It is simple, however, to understand the logic behind Duterte’s pro-Beijing posturing. Essentially, it breaks down as: I will be more cooperative in the disputes over the South China Sea in exchange for infrastructure investment and a partner who will ignore human rights abuses. During Duterte’s first Beijing visit- where he coincidently prologued the visit with the dismissal of the Hague ruling- he secured $24 billion in investment, credit, and loan pledges.
Moreover, under the guises of fighting terrorism and drug trafficking, Duterte has left a bloody trail of human rights abuses that China abstains from criticizing. According to the UN report on human rights deterioration in the Philippines, his abuses include extrajudicial killings with over 27,000 “suspected drug users” and 250 human rights defenders have been killed and legislating against dissent. China has largely ignored these abuses while the US has not. Whether it be the US President, US Senators, congressional commissions, or the State Department, the US has criticized the Philippines ’ human rights abuses on multiple occasions.

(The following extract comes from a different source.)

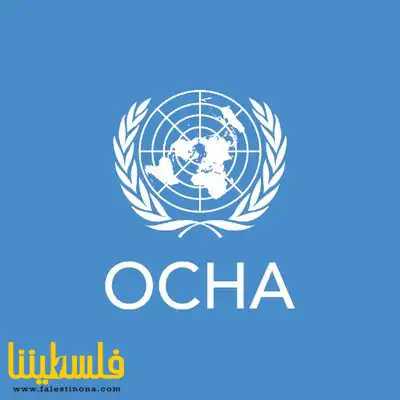 "أوتشا": لم يبق شيء لتوزيعه في غزة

More strategically, though, Duterte has made a geopolitical decision based on US inaction in the South China Sea. Incrementally, China has secured its position in the South China Sea vis a vis the Philippines, with the 2012 takeover of the Scarborough Shoal being the most significant. Through these grey zone operations, China has improved its position, militarized parts of the territory, and secured part of its’ resources without bringing in outside powers like the US. Of course, the US publicly protests Chinese actions and will conduct freedom of navigation operations to the annoyance of Beijing. Yet, these responses fall far short of deterring further Chinese action. This lack of US help led some to conclude the best way to moderate Chinese actions in the South China Sea is to take a less confrontational and more cooperative approach to China. In essence, by reframing the bilateral relations and supporting its “world order conceptions” (something Duterte has supportedsince the inception of his Presidency), China will take a moderated position in the disputed territory.
Yet, aside from criticizing human rights abuses, Beijing has fallen far short of the promises that allured Duterteto shift towards China in the first place. Duterte has earmarked half of the 75 projects in his infrastructure development initiative, “Build Build Build,” to Chinese companies, but only three have been financed. As of December 2020, less than 5% of the $24 billion promised by China has materialized.
Additionally, they are worse off vis a vis China in the South China Sea since the tilt towards Beijing. Despite an overall accommodation policy towards China with overtures such as an banning fishing in the Scarborough Shoal, ignoring the previously mentioned arbitration ruling, signing an MOU for joint oil and gas exploration in disputed territories, and canceling the aforementioned VFA, China has not moderated its strategy in the disputed territory. In 2019, China sent 200 ships to the Spratly island chains despite Duterte’s pleading and then aimed its weapon systems at a Philippine naval vessel near the island chains. Recently, the situation has escalated as China has sent 287 maritime militia ships into the Philippines Special Economic Zone (SEZ) who first were reported in early April and have yet to leave. This recent move by China fits its grey zone strategy in the South China Sea. It simply maintains a presence in disputed territories and normalizes its occupation, in effect daring claimant states to make them leave while simultaneously disrupting claimant state’s operations in the area.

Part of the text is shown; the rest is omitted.